Fighters from the pro-government Giants Brigades on patrol in Yemen’s Shabwa governorate. AFP
Fighters from the pro-government Giants Brigades on patrol in Yemen’s Shabwa governorate. AFP
Fighters from the pro-government Giants Brigades on patrol in Yemen’s Shabwa governorate. AFP
Fighters from the pro-government Giants Brigades on patrol in Yemen’s Shabwa governorate.

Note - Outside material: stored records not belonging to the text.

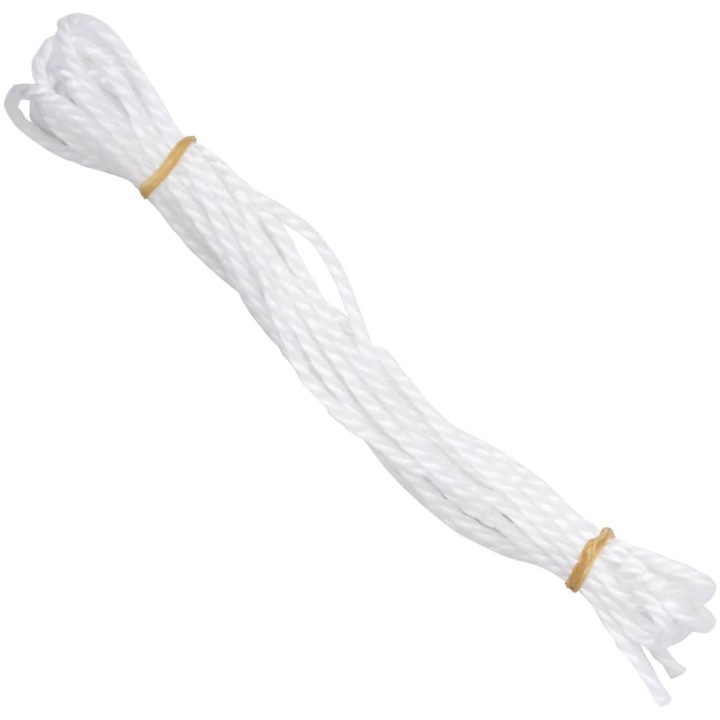 Solsegel 160 g/m² vit 3,5x5 m HDPE vidaXL 5 x 3.5 m – bild 6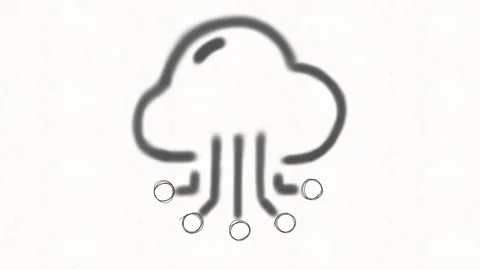 Cloud Computing Network Data Connection Animation Stock Footage 341863502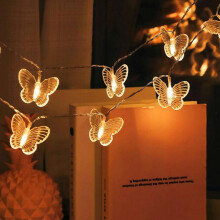 20 LED String Lights Butterfly Shape Waterproof Outdoor Garden Party Fairy Lamps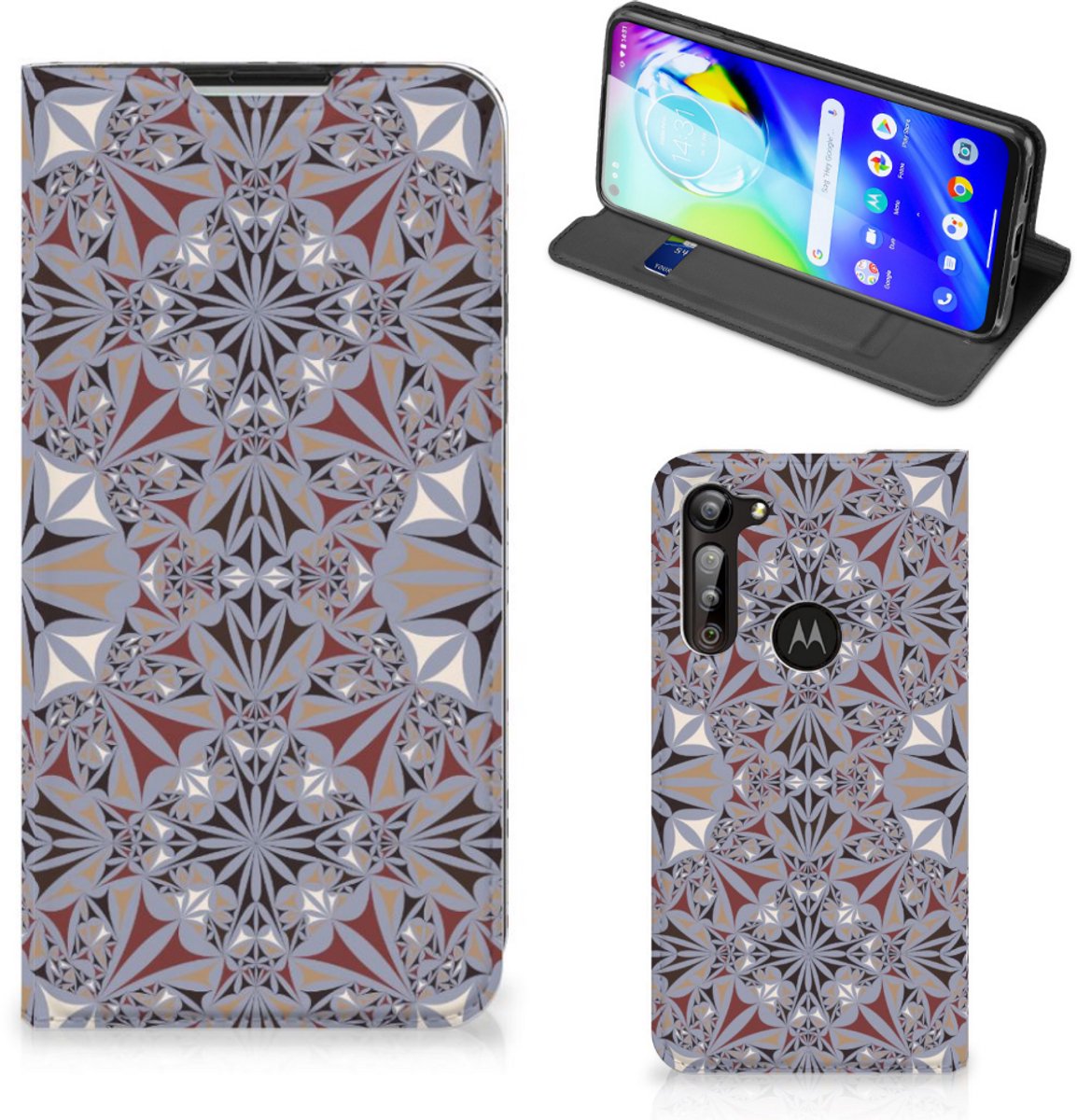 Motorola Moto G8 Power Standcase Flower Tiles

AFP

Yemeni government pushes back against Houthis by taking territory in Marib


Mina Aldroubi
  • English
  • Arabic

Yemen’s internationally recognised government has taken control of a city in Marib governorate, the Saudi ambassador to the country said on Tuesday.

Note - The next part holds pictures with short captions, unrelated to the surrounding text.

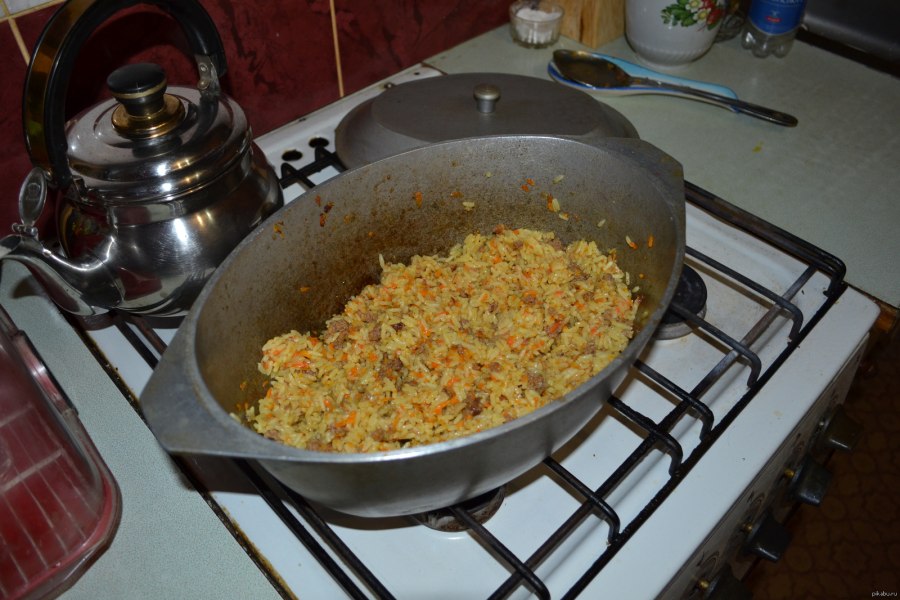 Мясо в утятнице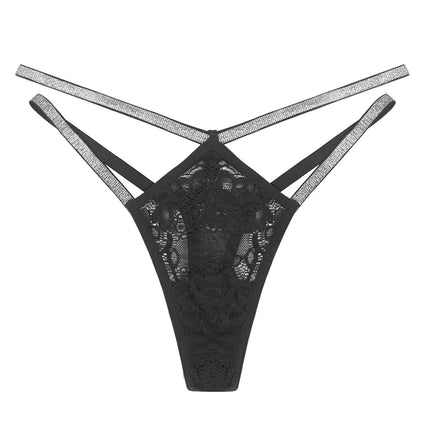 Women's Lace Mesh Seamless Adjustable Thong Panties - Lamarshop1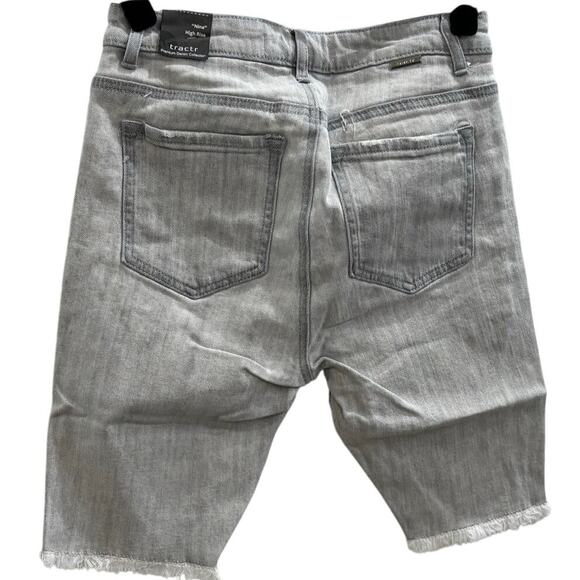 tractr Nina High Rise Slim Fit Cut Off Shorts Size 0/25 - Picture 2 of 6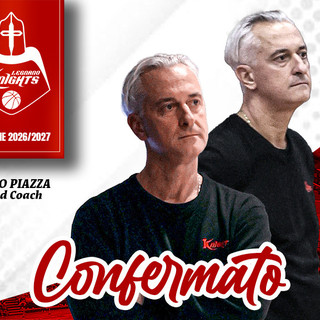Paolo Piazza confermato coach dei Knights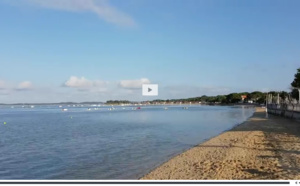 Vidéo d'Andernos Les Bains, la plage et le bassin d' Arcachon
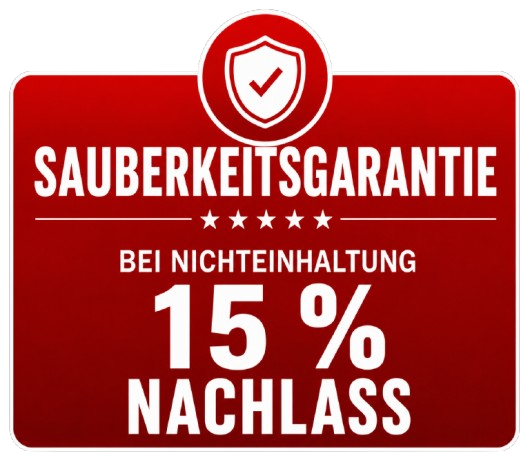Sauberkeitsgarantie
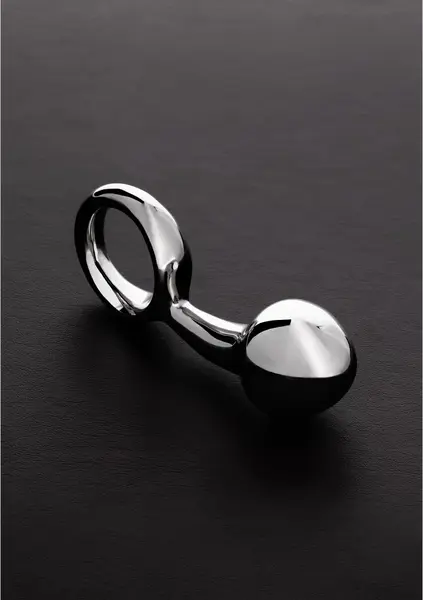 Shots Steel Prostate Plug 39mm - Ergonomski Intimni Uređaj od Nerđajućeg Čelika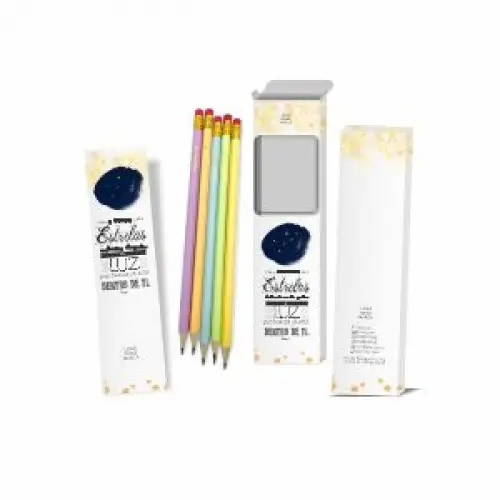 Kit Inspire! Caixa c/ 6 lápis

The Houthis have lost Harib district, south of Marib, the strategically vital northern city they have been fighting to hold for months.

“Harib in Marib is in the hands of the Yemeni government,” Saudi ambassador to the country Mohammed Al Jaber said on Twitter.

Saudi Arabia is leading a coalition at the request of the Yemen government after it was forced from the capital city, Sanaa, by the rebels in 2014.

On Tuesday, the coalition launched a new military operation against what it called “legitimate” targets in Sanaa in response to the Houthi threats to civilian lives.

Government forces also said they had regained strategic sites between Marib and the governorate of Shabwa.

Internet services have largely been restored in Yemen after a four-day cut, residents said.

The coalition has stepped up strikes against the rebels in response to increasing drone and missile attacks on neighbouring countries.

The Houthis have repeatedly struck Saudi Arabia and have escalated attacks recently.

They launched ballistic missile attacks on the kingdom and in the UAE on Monday morning.

The two missiles aimed at the Emirates and one at Saudi Arabia were intercepted.

The Arab Inter-Parliamentary Union has condemned the attacks, as have countries including the US, France, Egypt, Hungary, Argentina, Jordan, Bahrain and Kuwait.

Last week, a Houthi drone attack killed three civilians in the UAE, a member of the coalition that supports Yemen’s internationally recognised government.

On Friday, the UN Security Council condemned the attacks on Abu Dhabi as “heinous terrorist crimes”.

The Iran-backed rebels continue to hold the Yemeni capital, Sanaa, and large areas of the north after nearly seven years of civil war.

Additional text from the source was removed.